The following is all BS, ……… Buffet Strategies
Do some recon – When doing presentations, my number one rule is, know your audience. No difference here, except that you need to know your buffet. Are you heading over to Golden Corral where the food is as varied as the dress code? Alternatively, is it Fogo de Chao with their gluten free options and ten piece place settings? Websites like Yelp can provide insight such as do they only serve crab legs on the weekend or if they offer Hibachi.
Peruse before you choose – Walk the tables and see what’s up for grabs. Don’t fill up your plate right off the bat, the good stuff is in the back or towards the end of the buffet line.
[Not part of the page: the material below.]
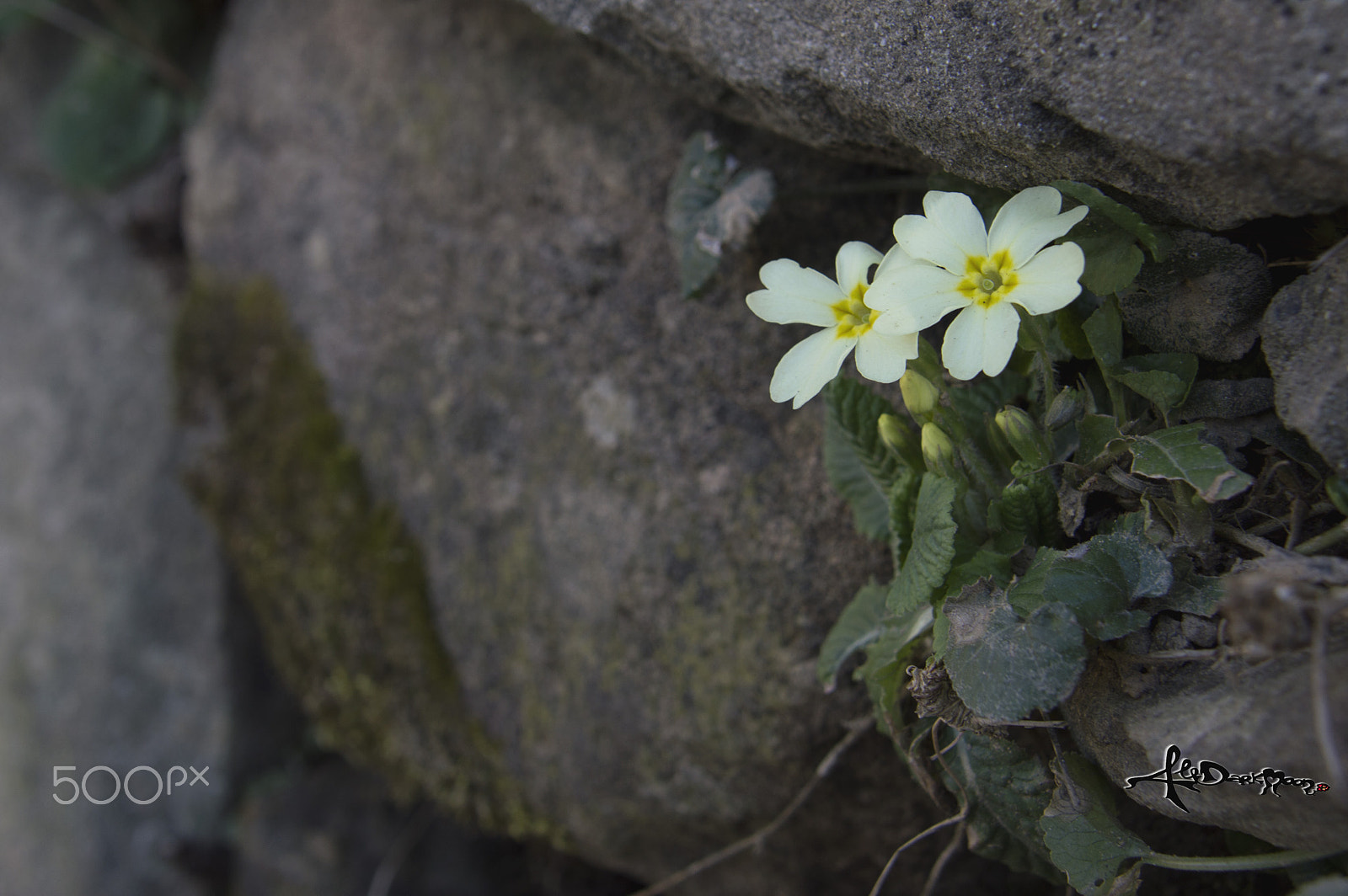 Nikon D3200 sample photo. Spingtime photography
Bread is not your friend (See above) – Bread is a buffet’s best friend, not yours. It’s cheap to produce, can sit on a buffet table for hours and will fill you up. Filling you up, which in turn keeps you from filling up on the better offerings.
Sample, sample, sample – I love orange chicken and I’d love to fill my plate with it, but then I’d be missing the point of a buffet. Use the buffet experience to expand your food horizons. Pigs get fat, hogs get slaughtered. So be a little piggy and nibble your way through the offerings.
Soda – Stick with water or iced tea. Carbonation can make you feel fuller than you actually are. This will decrease the food damage that you can deliver.
Don’t show up too hungry – Isn’t the point to eat as much as possible? It is, but if you show up famished, you’ll have a tendency to fill your plate, with the first thing that you see, bread. It’s a marathon, not a sprint.
Don’t judge a book by its cover, or in this case a buffet by its building. Last month I was in Centreville, MS and stopped for gas at Vine’s. Vine’s is a typical southern gas station, lots of pickups, lots of neon and a faded sign advertising fuel prices. I went in for a Slim Jim and a Blue Monster only to discover that Vine’s held a secret. A wonderful meat-lovers buffet, ribs, fried chicken and the creamiest mac-n-cheese that I’ve ever eaten. Save room for warm cobbler and vanilla ice cream. All this for less than $13.00, and I would’ve missed it based on how the building looked.
There’s a great comedy bit by the late John Pinette that’s well worth watching, I know I can relate to it. I’m also here to tell you that there’s a limit to how much “all you can eat” really means. Several years ago Sonny’s BBQ was running an “all you can eat” rib special. My boss and I pulled up a chair, tucked a napkin in our shirts and commenced to chowing down. At about the same time we found out that “all you can eat” means precisely 42 ribs, not 41, not 43 but 42 ribs. We got cut off, not the first time that’s ever happened to me. Usually, it involves booze, not ribs.
When it comes to all you can eat buffets as if there’s any other type, it easy to get distracted from your mission, so stay strong!